Agosto 29th, 2025 Riccardo Fucile

ALCUNI NORDCOREANI SCAPPATI DALLA RUSSIA HANNO RACCONTATO LE CONDIZIONI DI LAVORO “ABOMINEVOLI”: COSTRETTI A LAVORARE DALLE 6 DI MATTINA ALLE 2 DI NOTTE, TRATTATI ALLA STREGUA DI PRIGIONIERI

Vivono in condizioni di schiavitù. Costretti a lavorare dalle 6 di mattina alle 2 di notte, con un paio di giorni liberi all’anno e le mani che ormai faticano ad aprirsi. La Russia si è ripetutamente rivolta alla Corea del Nord per avere un supporto nella guerra in Ucraina, utilizzando i suoi missili, i suoi proiettili di artiglieria e soprattutto i suoi soldati.
Ora, con molti uomini russi uccisi o fuggiti dal paese, i funzionari dell’intelligence sudcoreana hanno rivelato che Mosca fa sempre più affidamento sui lavoratori nordcoreani, trattati alla stregua di prigionieri.
Alcuni nordcoreani che sono riusciti a scappare dalla Russia hanno raccontato come i loro compatrioti siano sottoposti a condizioni di lavoro «abominevoli» e come le autorità nordcoreane stiano rafforzando il controllo sui lavoratori per impedirne la fuga. Uno di loro è comunque riuscito a scappare.

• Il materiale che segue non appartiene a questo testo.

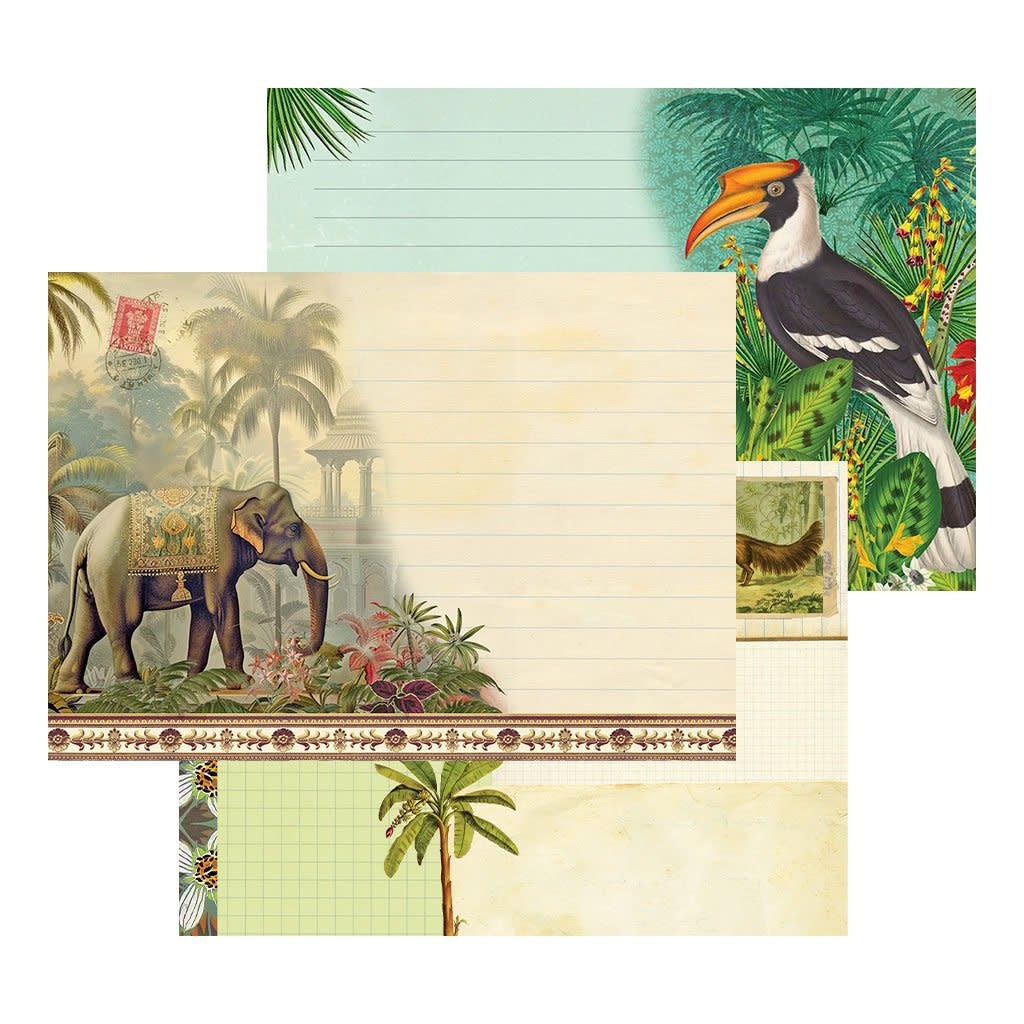 Gt Cahier Illustre 48 Pages 21 X 15 Cm - Monde Animal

E ha detto alla Bbc che una volta atterrato nell’estremo oriente russo è stato accompagnato dall’aeroporto a un cantiere edile da un agente di sicurezza nordcoreano che gli ha intimato di non
parlare con nessuno, né di guardarsi in giro. «Il mondo esterno è il nostro nemico», gli ha sussurrato. È stato subito messo a lavorare per costruire grattacieli per più di 18 ore al giorno.

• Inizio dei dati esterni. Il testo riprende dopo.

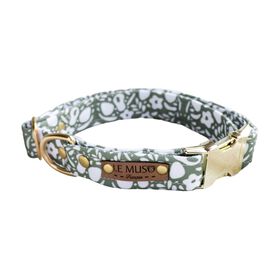 Le Muso - Collier Oscar Vert pour Chiens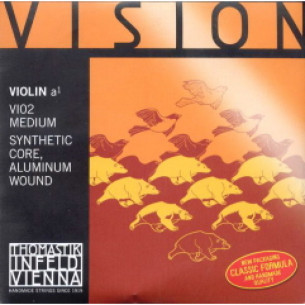 Cuerda Violín 4/4 Vision VI-02 2ª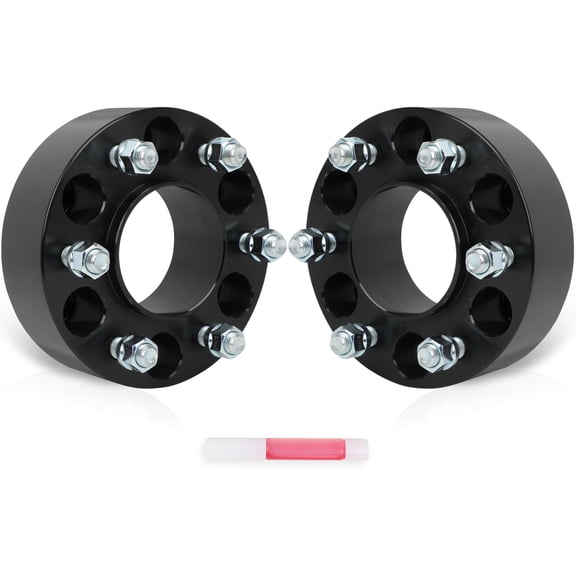 ECCPP fit for 2015-2023 for Ford Expedition 6x135 Wheel Spacers Hub Centric 2" 6 Lug 14x1.5 87.1mm hub bore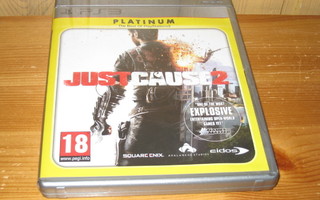 Just Cause 2 Ps3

«Svegliarsi era terrificante», ha spiegato il fuggitivo senza rivelare la propria identità per ragioni di sicurezza. «Al mattino le mani si bloccavano, incapaci di aprirsi, paralizzate dall’incessante lavoro. Durante il giorno alcuni lasciavano il loro posto per dormire o si addormentavano in piedi, ma i supervisori li trovavano e li picchiavano. Era davvero come se stessimo morendo».
Gli evasi hanno raccontato che gli operai nordcoreani sono confinati nei cantieri giorno e notte, dove sono sorvegliati da agenti del Dipartimento di sicurezza di Pyongyang. Dormono in container sporchi, sovraffollati e infestati da insetti, oppure sul pavimento di palazzi in costruzione, con i teloni arrotolati sugli stipiti delle porte per cercare di ripararsi dal freddo.

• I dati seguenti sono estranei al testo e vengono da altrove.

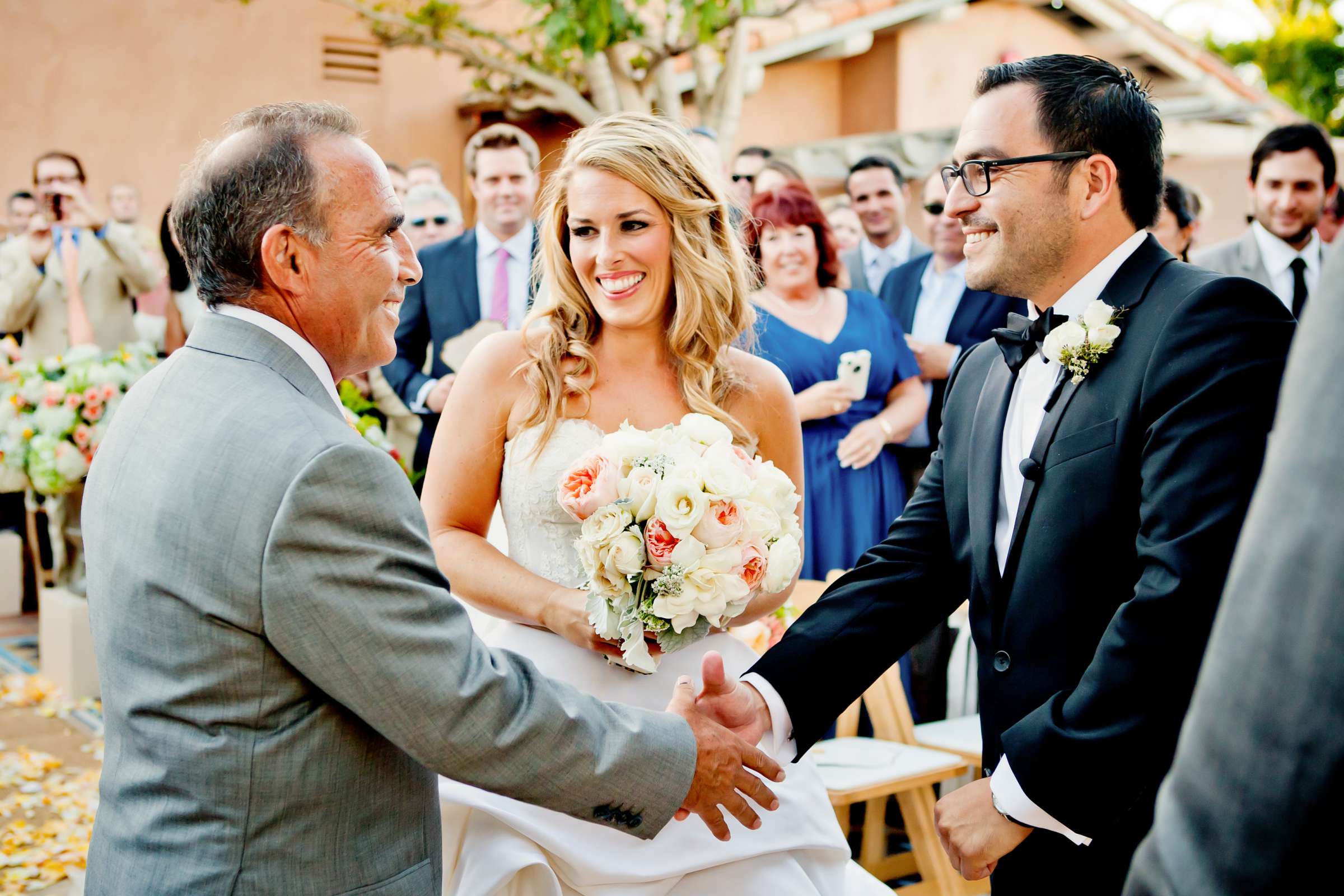 Rancho Valencia Wedding coordinated by Details Defined, Anna Rose and Arturo Wedding Photo #35 by True Photography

Un altro operaio ha confessato di essere caduto da un’altezza di quattro metri e di essersi «fracassato» il volto, ma anche in quel caso i suoi supervisori non gli hanno permesso di lasciare il cantiere per andare in ospedale.
Lo scorso giugno l’ex ministro della difesa russo, Sergei Shoigu, ha ammesso per la prima volta che 5mila nordcoreani erano stati inviati a ricostruire Kursk, una regione russa che nel 2024 era stata occupata dalle forze ucraine.

(da agenzie)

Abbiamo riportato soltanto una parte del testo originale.